Records to process Block Start
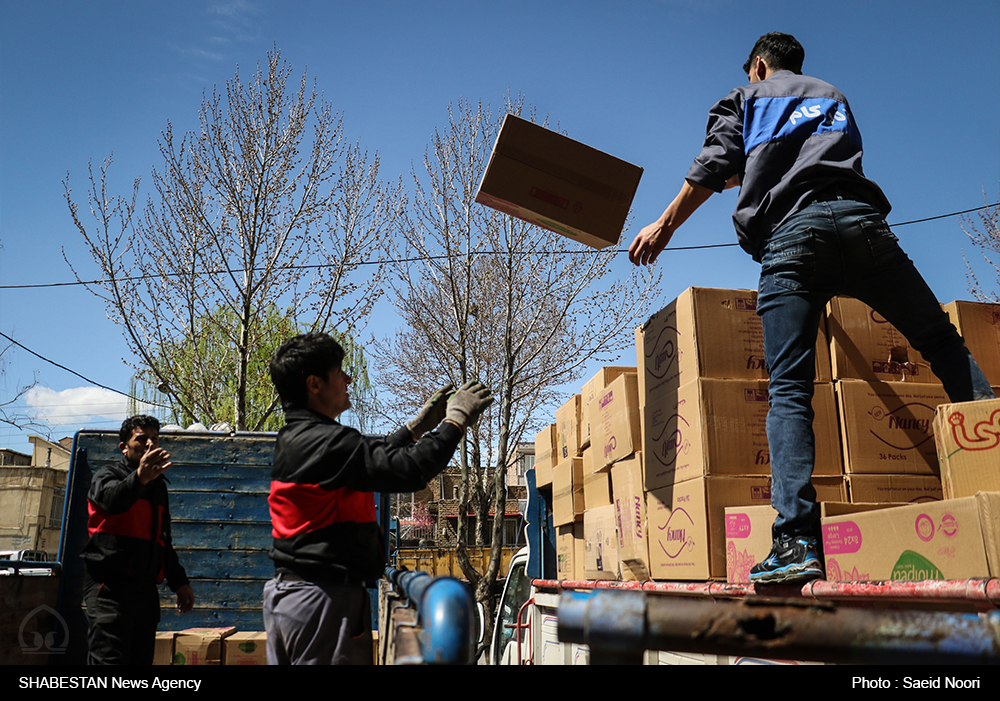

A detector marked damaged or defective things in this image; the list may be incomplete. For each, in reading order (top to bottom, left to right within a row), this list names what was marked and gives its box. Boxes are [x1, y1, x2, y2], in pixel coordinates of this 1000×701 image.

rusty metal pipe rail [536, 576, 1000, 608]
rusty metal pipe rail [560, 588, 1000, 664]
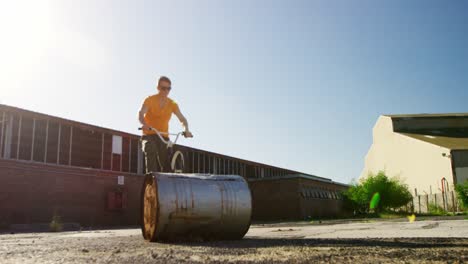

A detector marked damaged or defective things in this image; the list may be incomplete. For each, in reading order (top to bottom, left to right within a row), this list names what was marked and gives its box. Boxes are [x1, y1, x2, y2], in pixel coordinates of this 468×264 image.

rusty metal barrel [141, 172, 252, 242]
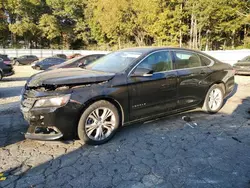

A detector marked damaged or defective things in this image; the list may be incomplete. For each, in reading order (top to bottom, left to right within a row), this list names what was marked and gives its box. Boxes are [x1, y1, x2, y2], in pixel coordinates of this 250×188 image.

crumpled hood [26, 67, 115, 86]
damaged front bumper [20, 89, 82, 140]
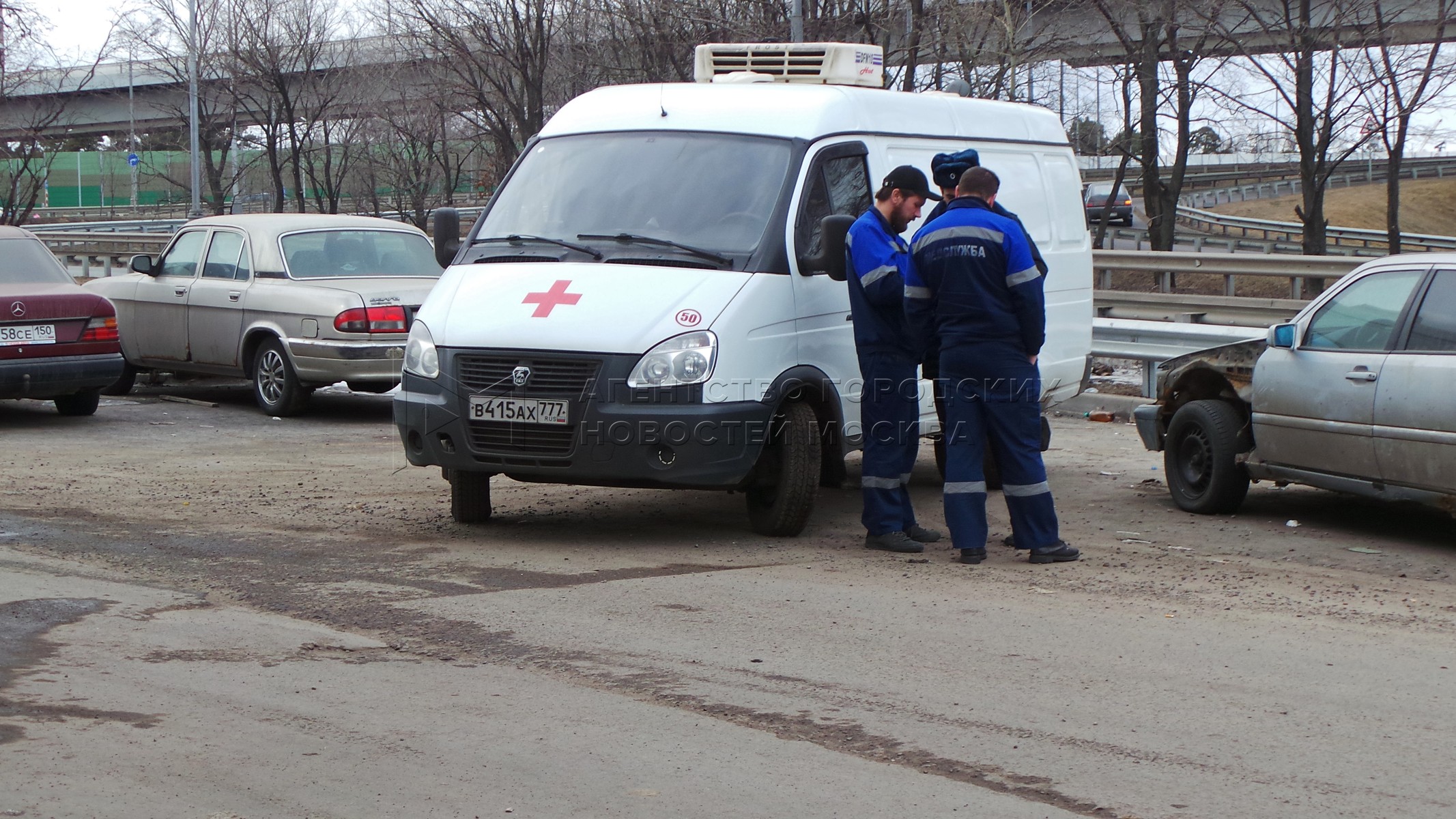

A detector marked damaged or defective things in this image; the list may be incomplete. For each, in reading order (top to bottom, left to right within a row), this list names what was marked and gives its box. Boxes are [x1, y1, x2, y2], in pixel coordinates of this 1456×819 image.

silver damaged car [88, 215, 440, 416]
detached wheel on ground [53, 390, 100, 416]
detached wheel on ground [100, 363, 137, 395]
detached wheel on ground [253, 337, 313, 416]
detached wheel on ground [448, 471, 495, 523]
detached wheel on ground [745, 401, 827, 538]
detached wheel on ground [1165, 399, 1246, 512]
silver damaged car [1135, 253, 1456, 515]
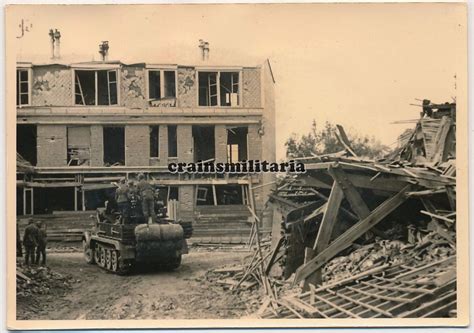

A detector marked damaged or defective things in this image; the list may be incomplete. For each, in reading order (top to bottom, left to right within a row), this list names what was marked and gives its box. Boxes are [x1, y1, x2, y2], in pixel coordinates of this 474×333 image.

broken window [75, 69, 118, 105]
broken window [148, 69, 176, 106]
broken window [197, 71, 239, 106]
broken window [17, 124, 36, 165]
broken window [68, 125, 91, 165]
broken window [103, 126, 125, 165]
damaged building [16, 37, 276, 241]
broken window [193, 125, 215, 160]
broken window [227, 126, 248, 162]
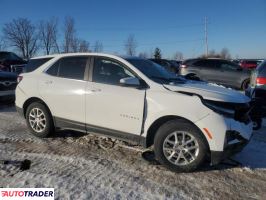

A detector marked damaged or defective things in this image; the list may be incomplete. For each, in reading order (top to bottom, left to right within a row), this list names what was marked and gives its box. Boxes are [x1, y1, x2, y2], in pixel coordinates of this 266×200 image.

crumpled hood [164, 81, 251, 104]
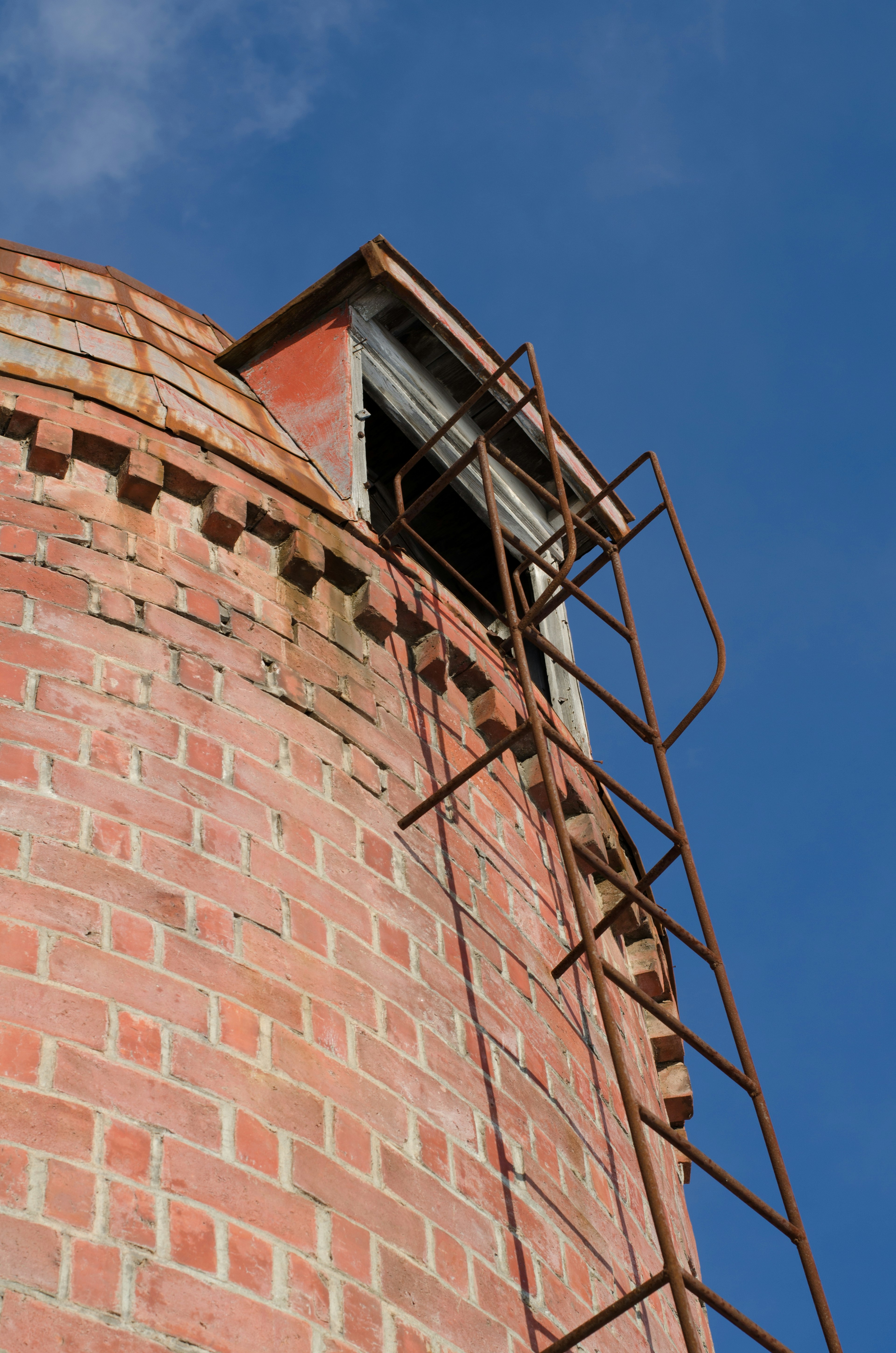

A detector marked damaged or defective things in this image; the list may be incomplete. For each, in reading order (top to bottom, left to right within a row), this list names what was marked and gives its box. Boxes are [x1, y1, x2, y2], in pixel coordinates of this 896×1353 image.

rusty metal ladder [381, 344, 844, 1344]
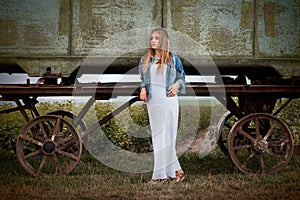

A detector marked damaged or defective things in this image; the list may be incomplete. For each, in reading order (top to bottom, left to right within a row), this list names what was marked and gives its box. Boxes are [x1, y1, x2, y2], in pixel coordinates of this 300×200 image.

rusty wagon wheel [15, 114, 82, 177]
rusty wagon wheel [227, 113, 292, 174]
Records to process Block End
→ **Task details**: From the line that contains "this 300×200 image." down to the last line of the listing above, repeat each line exactly, and include nothing else.

→ **Written answer**:
A detector marked damaged or defective things in this image; the list may be incomplete. For each, in reading order (top to bottom, left to right within a row), this list names what was marked and gives its box. Boxes are [x1, y1, x2, y2], in pixel coordinates of this 300×200 image.

rusty wagon wheel [15, 114, 82, 177]
rusty wagon wheel [227, 113, 292, 174]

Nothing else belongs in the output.